そんなコメントもいただいた。自転車は好きだけど、場所なんて関係なく、ただ走って帰るという人もいるのかなと思っていたが、そんなことはなかった。運営スタッフだと知って僕に話しかけてくれた人は、みんな「東北への思い」を語ってくれた。それを聞くたびに、ぐっときて目頭が熱くなった。

沿道で参加者を応援する近隣の人たち、そして地元の商店や企業の人々。仮設住宅に住むおばちゃんも「知り合いが出走するから」と待っていて、手を振ったりしていたらしい。それを見て「東北、頑張ってるな」と感じたと熱く語ってくれた人もいた。

出走者だけじゃなく、スタッフも応援に来てくれた人も、終わった後、すごくうれしそうな顔をしていたのが印象に残った。これが「大成功だった」と断言してしまう理由だ。

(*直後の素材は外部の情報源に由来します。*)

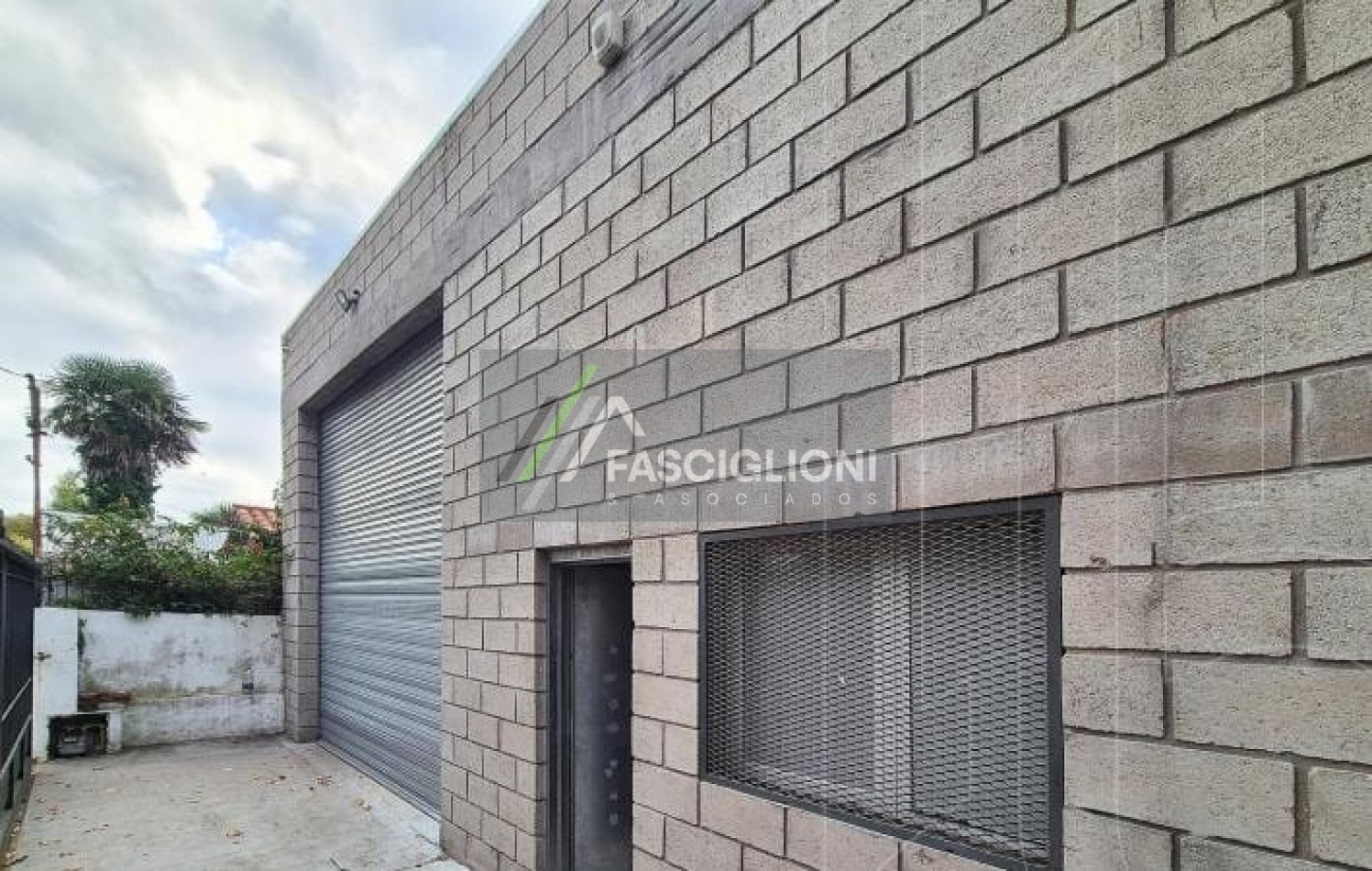 GALPON 334M2 CUB. ZONA: LAS AVENIDAS. (valentini al 1100)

このプロジェクトを事務局長として主導したのは、「ヤフー石巻復興ベース」復興支援室長の須永浩一。僕の直属の上司である。須永は、東京の人や東北の人を何百人も巻き込んでコツコツと準備を進めていった。

「起爆剤っぽい、大掛かりなもの」をやりたい

ツール・ド・東北がどうやって実現したかということに話を戻そう。

前述のようにフェイスブックに宣言した宮坂は、スポーツ好きの知り合いたち(いろいろな会社のエライ人たち)を、どこかのカフェに集めて私的な会議を開いたという。社長に就任する前のことだ。そしてそれを、早速、自転車イベントの企画書としてまとめた。

しかしながら震災発生後から間もないこともあり、時期尚早ではないかとも考え、その企画はお蔵入りになっていた。

それがしばらくして、さまざまな縁があり、2012年7月、河北新報社の石巻総局が入るビル内に「ヤフー石巻復興ベース」を設けることになった。

これが宮坂にとってチャンスになった。河北新報社は昭和20年代から「ツール・ド・東北」を主催していたのだ。